*** Begin section ***
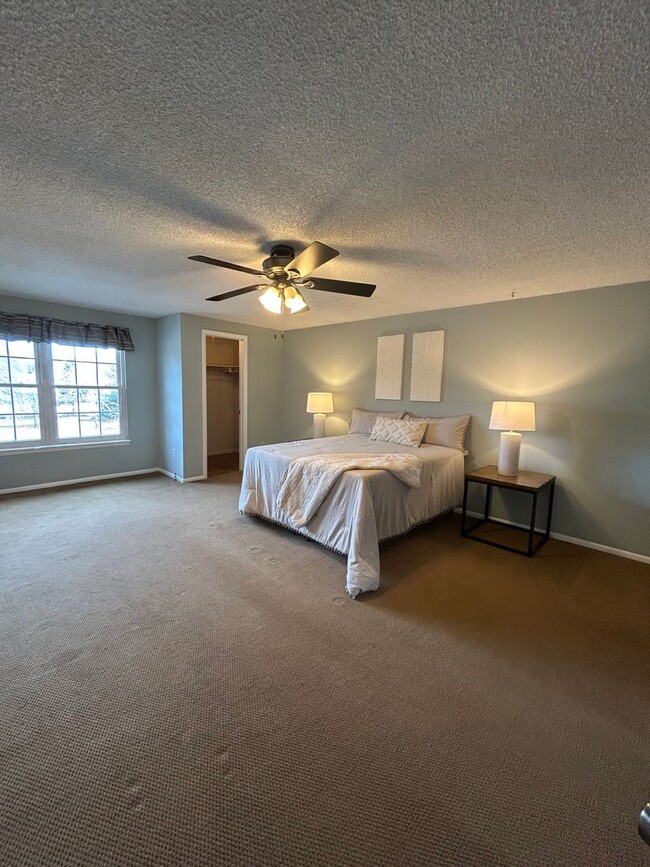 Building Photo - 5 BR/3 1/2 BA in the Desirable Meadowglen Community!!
*** End section ***
*** Begin section ***
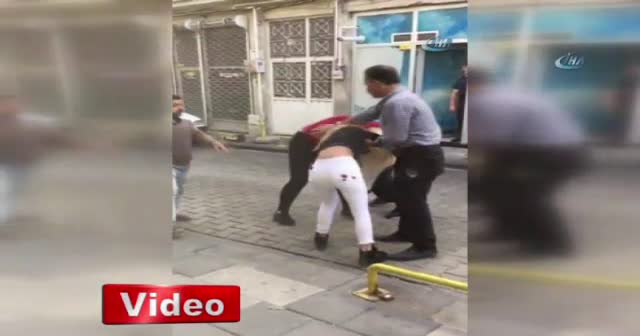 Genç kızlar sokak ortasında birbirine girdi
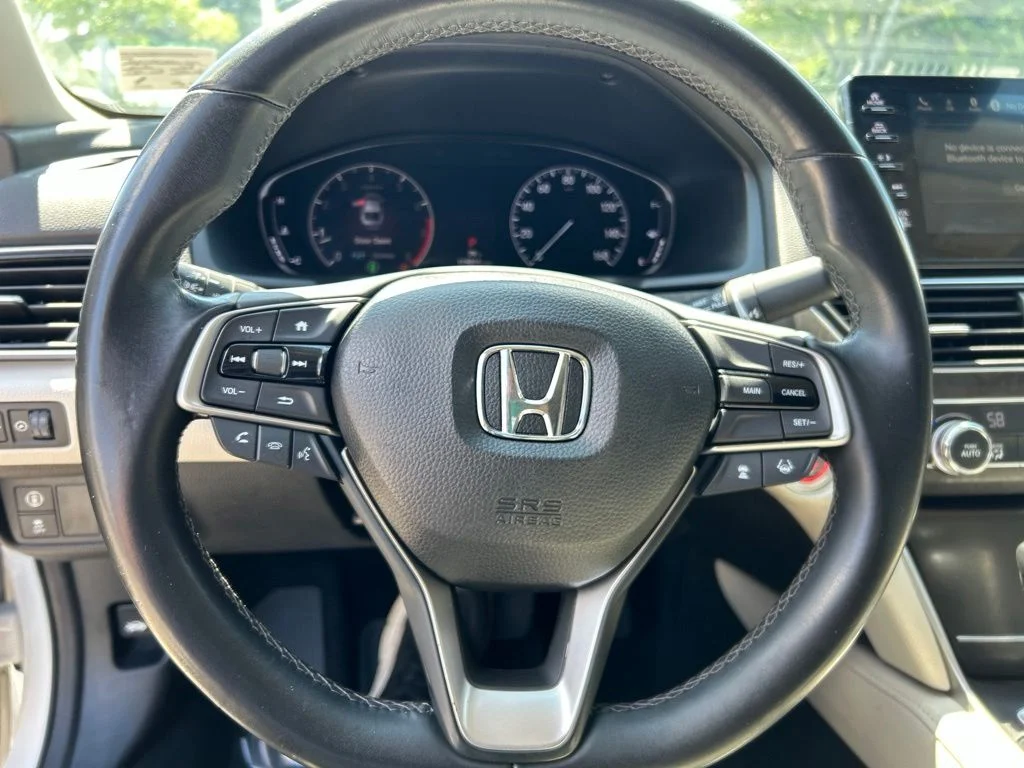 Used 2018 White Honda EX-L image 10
*** End section ***
EXERCISE BRIEF - Would you transcribe the lines above exactly, going from the line bearing "Genç kızlar sokak ortasında birbirine girdi" through the line bearing "Used 2018 White Honda EX-L image 10", and drop the pictures from the copy?

ANSWER BOX -
 Genç kızlar sokak ortasında birbirine girdi
 Used 2018 White Honda EX-L image 10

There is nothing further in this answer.